PS: Not associated with DuckDB team at all, I just love DuckDB so much that I shill for them when I see them in HN.
I'm sorry, I must be exceptionally stupid (or haven't seriously worked in this particular problem domain and thus lacking awareness), but I still can't figure out the use cases from this feature list.
What sort of thing should I be working on, to think "oh, maybe I want this DuckDB thing here to do this for me?"
I guess I don't really get the "that you want to learn something about" bit.
I’m not the person you asked, but here are some random, assorted examples of “structured data you want to learn something about”:
- data you’ve pulled from an API, such as stock history or weather data,
- banking records you want to analyze for patterns, trends, unauthorized transactions, etc
- your personal fitness data, such as workouts, distance, pace, etc
- your personal sleep patterns (data retrieved from a sleep tracking device),
- data you’ve pulled from an enterprise database at work — could be financial data, transactions, inventory, transit times, or anything else stored there that you might need to pull and analyze.
Here’s a personal example: I recently downloaded a publicly available dataset that came in the form of a 30 MB csv file. But instead of using commas to separate fields, it used the pipe character (‘|’). I used DuckDB to quickly read the data from the file.
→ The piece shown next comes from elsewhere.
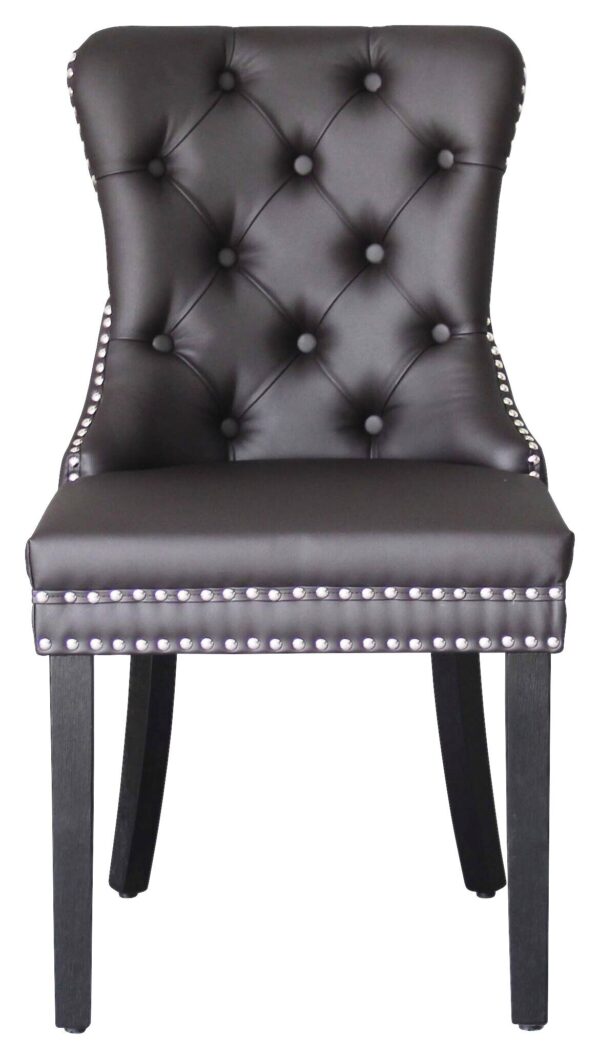 Stuhl DOMINO, 2er-Set schwarz braun Kunstleder B/H/T: ca. 48,5x93x61 cm – Bild 2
I could have actually queried the file directly using DuckDB SQL, but in my case I saved it to a local DuckDB database and queried it from there.
My dumb guy heuristic for DuckDB vs SQLite is something like:
- Am I doing data analysis?
- Is it read-heavy, write-light, using complex queries over large datasets?
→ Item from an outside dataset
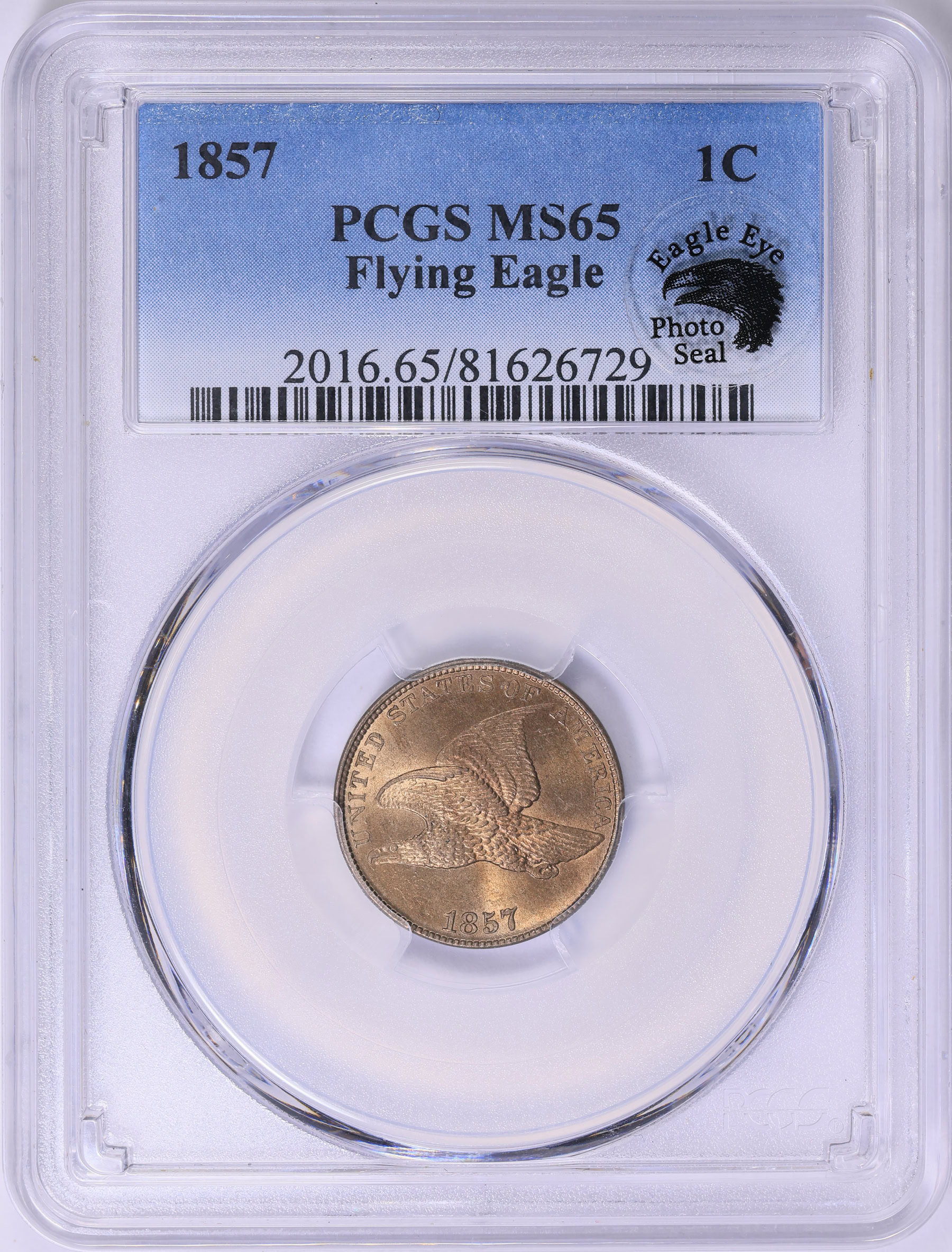 1857 Flying Eagle Cent PCGS MS-65 (Eagle Eye Seal) (Item 1826468 ...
- Is the dataset large (several GB to terabytes or more)?
- Do I want to use parquet/csv/json data without transformation steps?
- Do I need to distribute the workload across multiple cores?
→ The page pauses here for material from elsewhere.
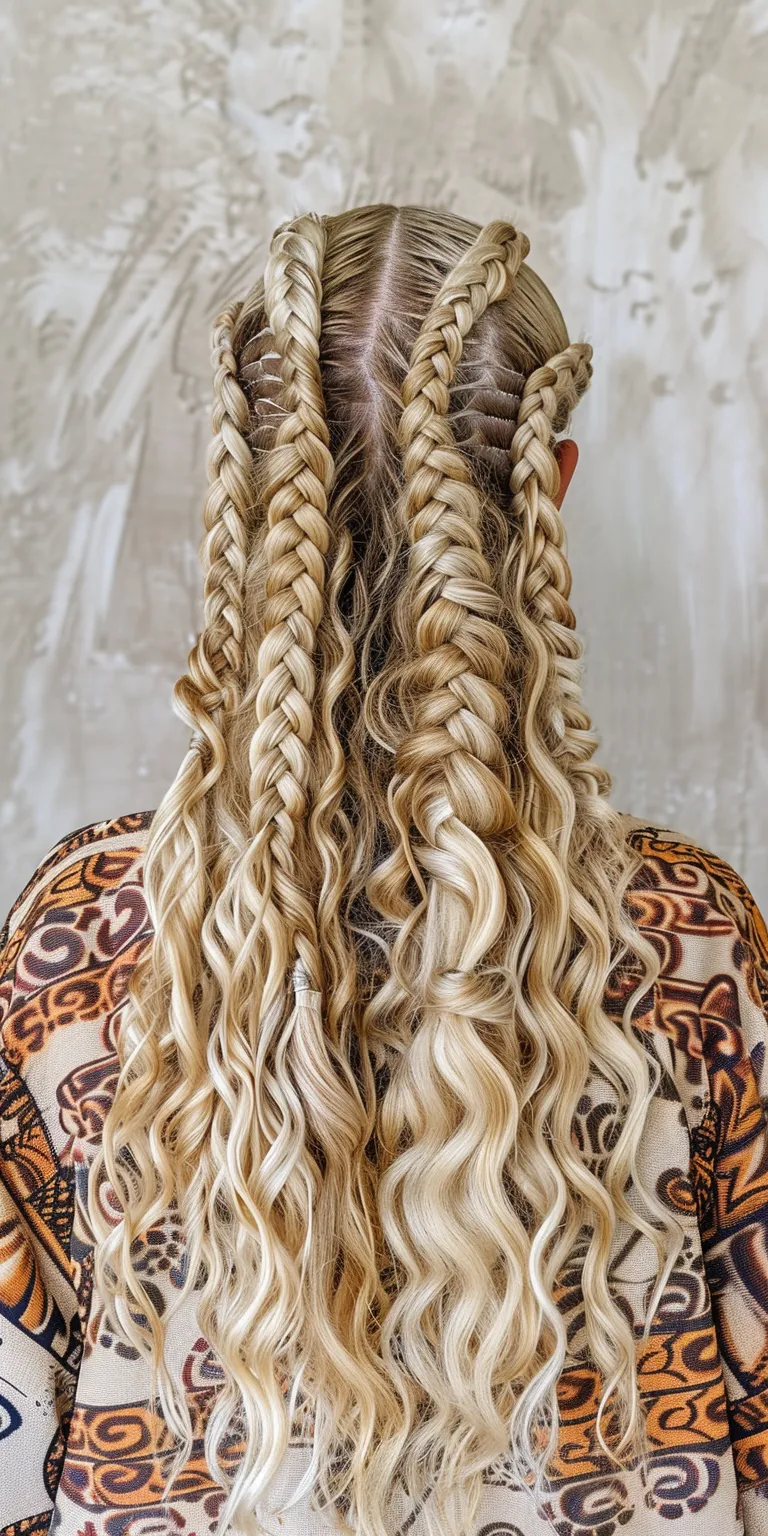 blonde box braids Boho braids, Waterfall Hair twists, crimping, Braid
If any of those are a yes, I might want DuckDB
- Do I need to write data frequently?
- Are ACID transactions important?
- Do I need concurrent writers?
- Are my data sets tiny?
- Are my queries super simple?
If most of the first questions are no and some of these are yes, SQLite is the right call
On way to think about it is SQLite for columnar / analytical data.
It works great against local files, but my favorite DuckDB feature is that it can run queries against remote Parquet files, fetching just the ranges of bytes it needs to answer the query using HTTP range queries.
This means you can run eg a count(*) against a 15GB parquet file from your laptop and only fetch a few hundred KBs of data (if that).
Small intro, It's a relational database for analytical data primarily. It's an "in-process" database meaning you can import certain files at runtime and query them. That's how it differs primarily from regular relational systems.
for the average developer I think the killer feature is allowing you to query over whatever data you want (csv, json, parquet, even gsheets) as equals, directly from their file form - can even join across them
It has great CSV and JSON processing so I find it's almost better thought of as an Excel-like tool vs. a database. Great for running quick analysis and exploratory work. Example: I need to do some reporting mock-ups on Jira data; DuckDB sucks it all in (or queries exports in place), makes it easy to clean, filter, pivot, etc. export to CSV
If you're developing in the data space you should consider your "small data" scenarios (ex: the vast majority of our clients have < 1GB of analytical data; Snowflake, etc. is overkill). Building a DW that exists entirely in a local browser session is possible now; that's a big deal.